Яснее всего обнаруживается это в тех пространственных отношениях, которые исходят от меня как пункта отношения. Суждение, как «Сократ находится здесь», исходит от такого наглядного представления, которое и меня, и Сократа объемлет в том же самом пространстве. Но со всяким наглядным представлением пространства полагается мое собственное место и окружающее его пространство; это всегда сопутствующее мне при помощи «здесь» выражаемое представление присоединяется, следовательно, к данному теперь наглядному представлению и становится вместе с ним единым. Но окружающее меня пространство требует чего-то такого, что в нем находится; оно есть общая возможность чего-то второго, и это второе есть теперь Сократ. Сократ заполняет пустое место этого «здесь». Поэтому, естественной формой описания таких отношений, при которых в сознании прежде всего появляется мое собственное место как пункт отношения, является то, что мы предпосылаем здесь обозначение места. (Направо находится А, налево В, спереди С, сзади D.)

Наоборот, мы можем вообще обращать внимание прежде на один из объектов – он познается как Сократ. Но с этим представлением, как и с представлением о всякой пространственной вещи, может тотчас же соединяться представление об окружающем, о соседстве других вещей. «Сократ находится где-то» – и это неопределенное отношение объединяется теперь в одно с определенным, окружающее его пространство с моим пространством, с «здесь». Следовательно, и в этом случае такое суждение, как «Сократ находится здесь», возможно двояким путем: во-первых, поскольку оно есть ответ на вопрос: «Кто находится здесь?»; и во-вторых, поскольку оно есть ответ на вопрос: «Где находится Сократ?»

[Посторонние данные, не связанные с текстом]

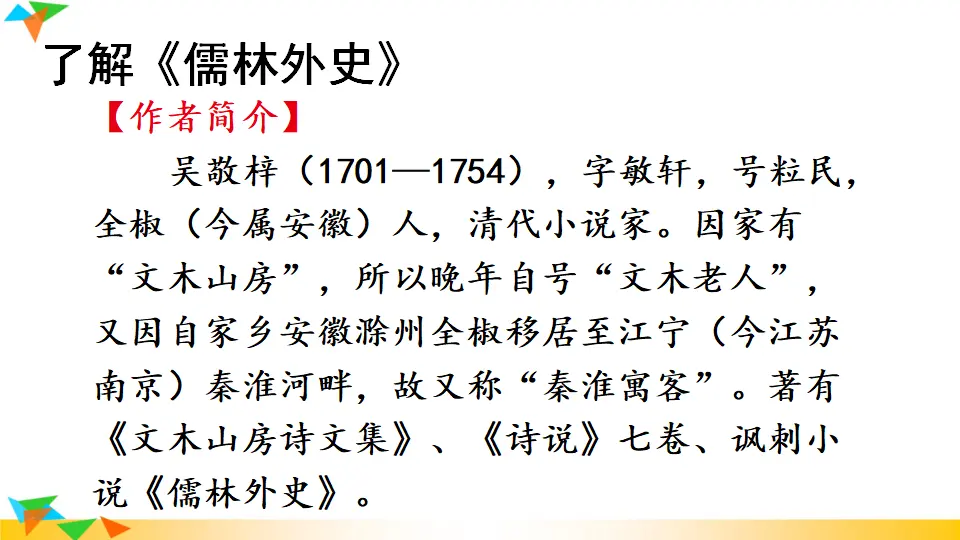 名著导读 《儒林外史》 讽刺作品的阅读（课件1）_05.webp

Известное число предикатов, выражающих прежде всего состояния и движения, служат опорными точками для тех определений отношения, которые детерминируются ими более точно. «Собака стоит, сидит, лежит»-это прежде всего обозначает различные положения ее тела, которые мы относим лишь к ней самой. Но самые глаголы выходят за эти пределы и указывают на определенное место, служащее для собаки основанием, и представление отношения сочетается, как ближайшее определение, с предикатом. Другие глаголы, как «следовать», «падать», в своем значении содержат уже отношение к чему-то другому. В таких высказываниях, следовательно, с отношением сочетается еще синтез вещи и состояния или деятельности.

То, что имеет значение для пространственных отношений, может применяться также к отношениям временным. И здесь самая природа нашего понимания приводит к тому, что всякий отдельный объект является нам во временной связи с другими и как звено известного временного ряда, параллельно с которым развиваются другие временные ряды.